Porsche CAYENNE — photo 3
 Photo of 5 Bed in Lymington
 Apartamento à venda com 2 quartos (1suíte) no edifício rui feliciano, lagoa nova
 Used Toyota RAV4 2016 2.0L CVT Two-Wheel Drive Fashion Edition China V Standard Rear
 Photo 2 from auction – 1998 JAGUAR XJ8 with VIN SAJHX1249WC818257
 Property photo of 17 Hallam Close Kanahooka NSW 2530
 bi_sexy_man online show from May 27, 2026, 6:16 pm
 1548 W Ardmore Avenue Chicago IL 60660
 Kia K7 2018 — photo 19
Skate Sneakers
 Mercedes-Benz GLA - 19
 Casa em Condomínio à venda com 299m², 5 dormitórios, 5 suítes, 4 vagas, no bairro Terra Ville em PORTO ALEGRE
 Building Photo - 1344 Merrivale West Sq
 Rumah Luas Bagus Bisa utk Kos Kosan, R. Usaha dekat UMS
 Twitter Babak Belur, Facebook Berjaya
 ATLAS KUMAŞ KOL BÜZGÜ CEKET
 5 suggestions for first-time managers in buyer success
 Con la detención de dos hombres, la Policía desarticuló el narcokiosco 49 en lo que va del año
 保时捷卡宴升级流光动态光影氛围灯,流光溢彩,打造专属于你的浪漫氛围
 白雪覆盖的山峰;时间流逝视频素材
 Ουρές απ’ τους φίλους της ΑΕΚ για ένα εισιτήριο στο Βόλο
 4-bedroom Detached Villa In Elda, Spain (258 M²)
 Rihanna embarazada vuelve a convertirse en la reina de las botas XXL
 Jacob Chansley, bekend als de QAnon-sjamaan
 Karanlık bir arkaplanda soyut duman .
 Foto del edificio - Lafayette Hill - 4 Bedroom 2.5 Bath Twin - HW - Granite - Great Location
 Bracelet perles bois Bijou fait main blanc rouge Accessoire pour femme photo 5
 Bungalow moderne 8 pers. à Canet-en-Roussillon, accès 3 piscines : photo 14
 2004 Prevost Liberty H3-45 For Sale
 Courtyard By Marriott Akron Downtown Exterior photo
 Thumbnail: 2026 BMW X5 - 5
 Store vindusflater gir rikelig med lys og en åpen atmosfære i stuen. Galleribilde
☆ ☆ ☆
- The problem -
What needs duplicating is the run of lines from the one containing "保时捷卡宴升级流光动态光影氛围灯,流光溢彩,打造专属于你的浪漫氛围" through the last line of the entries above, exact and complete.

- Solution to this exercise -
 保时捷卡宴升级流光动态光影氛围灯,流光溢彩,打造专属于你的浪漫氛围
 白雪覆盖的山峰;时间流逝视频素材
 Ουρές απ’ τους φίλους της ΑΕΚ για ένα εισιτήριο στο Βόλο
 4-bedroom Detached Villa In Elda, Spain (258 M²)
 Rihanna embarazada vuelve a convertirse en la reina de las botas XXL
 Jacob Chansley, bekend als de QAnon-sjamaan
 Karanlık bir arkaplanda soyut duman .
 Foto del edificio - Lafayette Hill - 4 Bedroom 2.5 Bath Twin - HW - Granite - Great Location
 Bracelet perles bois Bijou fait main blanc rouge Accessoire pour femme photo 5
 Bungalow moderne 8 pers. à Canet-en-Roussillon, accès 3 piscines : photo 14
 2004 Prevost Liberty H3-45 For Sale
 Courtyard By Marriott Akron Downtown Exterior photo
 Thumbnail: 2026 BMW X5 - 5
 Store vindusflater gir rikelig med lys og en åpen atmosfære i stuen. Galleribilde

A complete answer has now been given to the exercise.